According to Dr Ross Wilkinson, executive director of the Australian National Data Service, Hubble is also one of the best examples of a healthy return on investment in scientific research.

This is because raw data from the telescope has been available for the past 20 years to whoever wants it, resulting in an archive that generates $1 million (€728,000) per annum in revenue.

Having an open data policy has, in other words, doubled Hubble’s return on investment.

This example from Wilkinson perhaps best illustrates the reason why 477 academics and policymakers from around the globe gathered in Dublin last week for the Research Data Alliance’s Third Plenary Meeting.

Rather than being a niche gathering, it was a place for people who "care about how the sharing of research data can progress to discoveries that have the potential to be of benefit to all," said Dr Ruth Adler, the Australian ambassador to Ireland.

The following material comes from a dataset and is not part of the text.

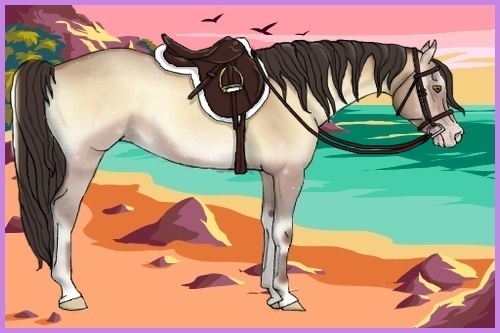 Horse Color:Amber Champagne Onyx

Research data is costly enough and difficult enough to generate in the first place; having it sitting forgotten on a hard drive somewhere, never to be shared, is not only careless but also not in the spirit of scientific endeavour.

A 2013 study found that the amount of scientific data being generated is increasing by 30 per cent year on year and, worryingly, 80 per cent of all scientific data is lost within two decades.

Reproducibility
One of the reasons it is so important to prevent this data loss is reproducibility, says Prof Alan Smeaton, director of the Insight Centre for Data Analytics, Dublin City University.

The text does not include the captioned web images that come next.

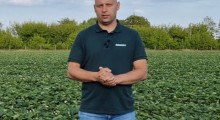 Komunikat jagodowy - truskawka - 20.05 – Agrosimex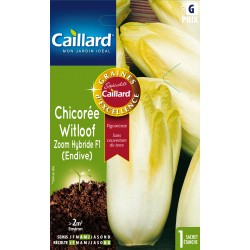 Graines Chicoree Witloof...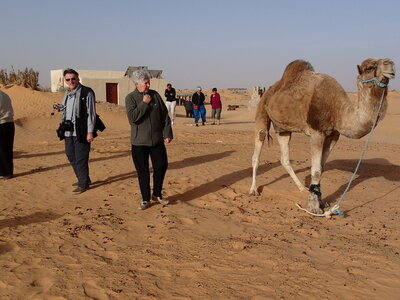djerba janvier 2014 partie 2, djerba 2014 1026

“A researcher’s data should be publicly and easily available. It doesn’t matter whether you’re in astronomy or the arts – you use data.

“What you, as a researcher, want to happen is to have other people build upon your work. It’s an unnecessary burden if they have to go recreate all of that data.”

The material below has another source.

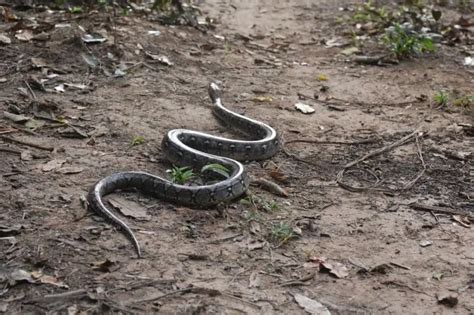 Reticulated Python Poop 的图像结果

To paraphrase Isaac Newton’s famous utterance, Smeaton explains how science works: “We build on the shoulders of others by using their data.”

Data sharing is also important to the public, explains Smeaton, because, for the most part, science is funded by the public purse, so the public should demand and get easier access to research outputs. In terms of publications, this is now becoming standard as mandated by funding agencies.

A scientific paper is only the tip of the iceberg in terms of what is visible of a researcher's work to the outside world, says Mercè Crosas, director of Data Science at the Institute for Quantitative Social Science (IQSS) at Harvard University.

“The researcher’s output in terms of contribution to scientific progress is much bigger than this. The data and analysis associated with those claims are fundamental to understanding what the paper in a sense advertises,” she explains.

In the absence of sharing data and methodology, it's hard to validate or understand scientific works.

Guidelines
To this end Crosas's team at the IQSS provide data publishing guidelines and create tools for scientists to access and re-use existing research data.

According to Crosas, to some extent data collection, preparation, cleaning and analysis is 80 per cent of the work and not being able to re-use and value that effort “would be a shame, right?” he says.

Scientific data for the masses isn’t an altruistic gesture; it translates directly to innovation and the potential for industry collaboration.

Dr Sandra Collins, director of the Digital Repository of Ireland, gave a concrete example of why industry should care about publicly available scientific data.

She explained that existing datasets could be used right now by technology startups interested in creating useful smartphone or web apps.

Prof Mark Ferguson, director general of Science Foundation Ireland and chief scientific adviser to the Government, addressed the conference with some attractive statistics on why data sharing might appeal to the researcher who is covetous of their data.

The most successful research papers, he says, in terms of citations by other scientists, are those resulting from industry collaboration as well as national and international collaboration.

Papers arising from data siloed within a researcher’s own department were far less likely to succeed, a compelling argument to all academic for embracing open data and collaboration.